=== Exercise requirements ===
Reproduce the entries below exactly, but only from the line containing "Birute - Elegante" to the line containing "1980s MURANO MOUTH", inclusive.

START Recorded information

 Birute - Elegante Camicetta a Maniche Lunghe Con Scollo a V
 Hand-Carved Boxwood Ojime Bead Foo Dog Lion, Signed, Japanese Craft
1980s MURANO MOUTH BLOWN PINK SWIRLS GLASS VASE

END Recorded information
START Recorded information

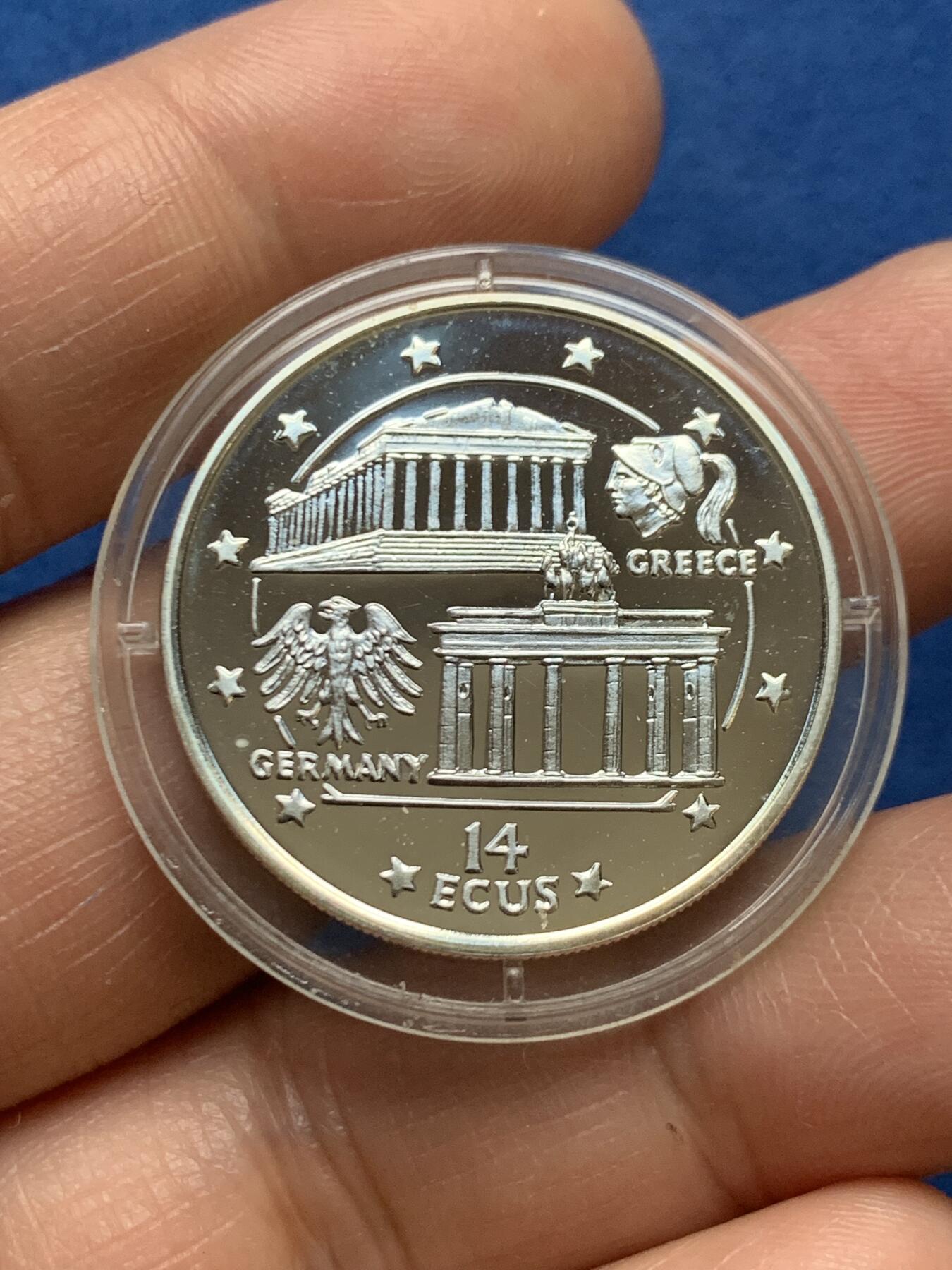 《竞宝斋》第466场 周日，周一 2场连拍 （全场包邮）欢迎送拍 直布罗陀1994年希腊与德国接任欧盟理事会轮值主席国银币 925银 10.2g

END Recorded information

=== Task solution ===
 Birute - Elegante Camicetta a Maniche Lunghe Con Scollo a V
 Hand-Carved Boxwood Ojime Bead Foo Dog Lion, Signed, Japanese Craft
1980s MURANO MOUTH BLOWN PINK SWIRLS GLASS VASE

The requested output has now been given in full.